Mi objetivo a largo plazo después de Edimburgo era ser investigador veterinario en la gran organización nacional de investigación aplicada, la Commonwealth Scientific and Industrial Research Organisation [Organización de Investigación Científica e Industrial de la Mancomunidad de Naciones], en Melbourne. Sin embargo, primero me desvié —pensé que temporalmente— a la John Curtin School of Medical Research [Escuela de Investigación Médica John Curtin], de la Universidad Nacional de Australia, para aprender sobre inmunidad celular, para así comprender mejor la reacción del portador ante los virus. Comencé mis experimentos con infecciones de virus en ratones de laboratorio en Canberra, en 1972, y así ingresé, por primera vez, a un ámbito de investigación médica sólido, dinámico, lleno de motivación intelectual. La historia de lo que sucedió a continuación en mi odisea científica se cuenta más adelante en este libro. No hace falta decir que nunca volví a trabajar en el mundo de la veterinaria.

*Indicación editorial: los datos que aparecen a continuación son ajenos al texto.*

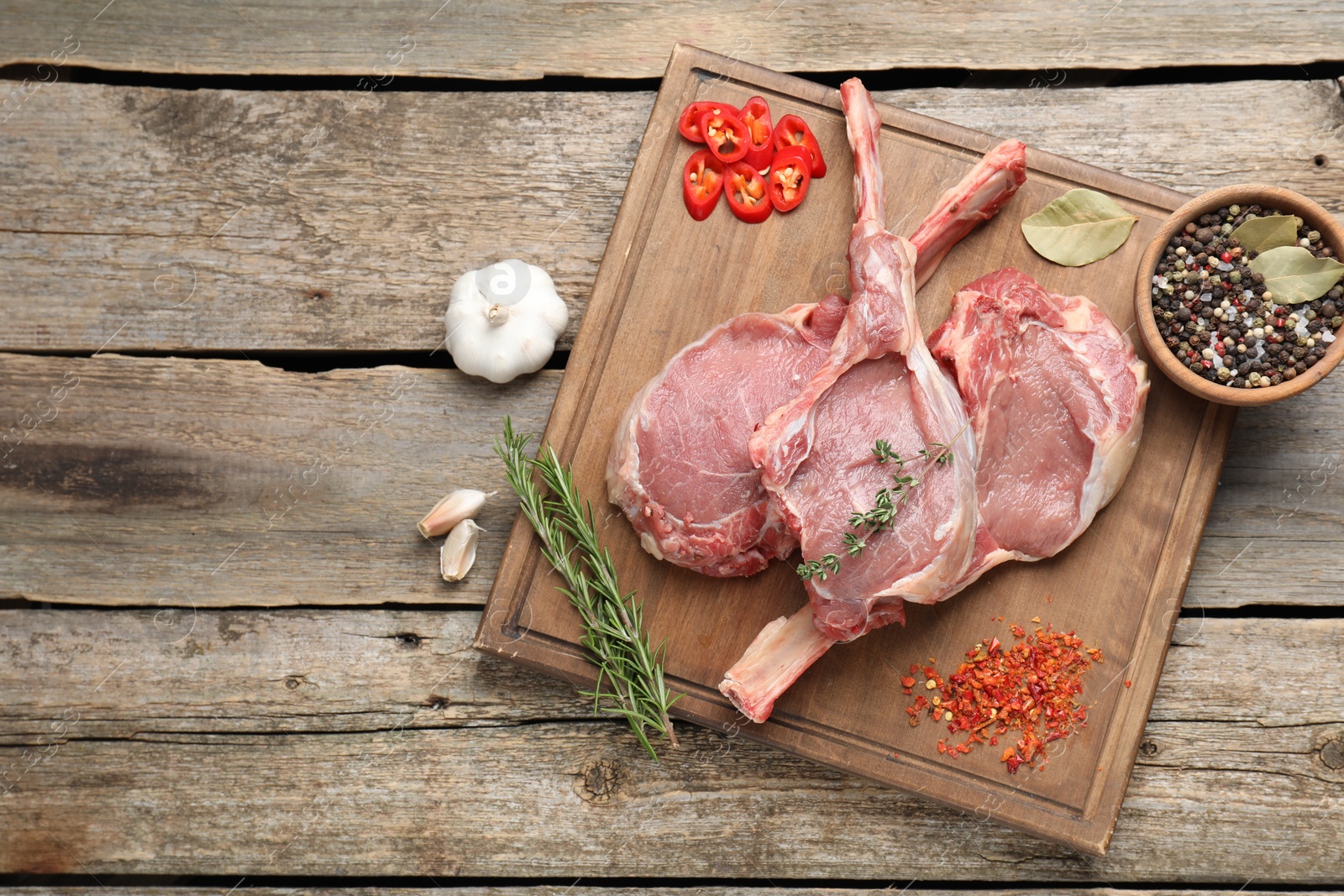 Photo of Fresh tomahawk beef cuts and spices on wooden table, top view. Space for text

Desde entonces he trabajado tanto en Australia como en Estados Unidos, pero gané el premio Nobel por un descubrimiento realizado en Canberra y por el andamiaje intelectual que Rolf Zinkernagel y yo creamos allí entre 1973 y 1975 para explicar nuestros descubrimientos. En apenas un par de años, ambos empezamos a ser vistos como figuras significativas en el mundo de la inmunología, estatus que hemos mantenido. El Nobel, desde luego, hace que todo ese asunto de la fama y la reputación pase a un liga diferente. La intensa atención inicial de los medios globales no perdura mucho más allá de la semana en que se entregan los premios en Suecia, pero el reconocimiento, ahora lo sé, dura mucho más e impregna el resto de tu vida. “Ganador del premio Nobel” se vuelve una permanente descripción de lo que uno es. Esa sostenida reputación se funda, por supuesto, tanto en el estatus del premio como en los logros del individuo reconocido con el Nobel.

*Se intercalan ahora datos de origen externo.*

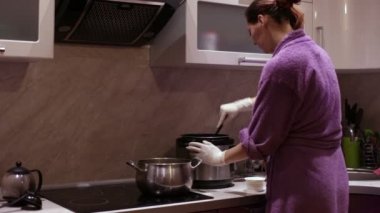 Bir kadın bir pot kıpırdanırken kaşığı baharat ekler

¿Qué habría dicho el ingenuo y poco refinado estudiante de Oxley si hubiera podido asomarse a una bola de cristal y verse a sí mismo en Estocolmo años después, contemplando el Palacio Real desde el Grand Hotel? ¿Y qué habría pensado si alguien le hubiera dicho que poco más adelante le esperaban una carrera internacional y uno de los premios más prestigiosos del mundo? No estoy seguro de haber estado entonces plenamente consciente del estatus del Nobel, ni creo haber sabido los nombres de mis compatriotas que lo habían recibido. Ganar un Nobel no era algo que me hubiera propuesto como objetivo en la vida y, en lo que a mí toca, se trata de un fruto totalmente inesperado. ¿Por qué lo merecí yo?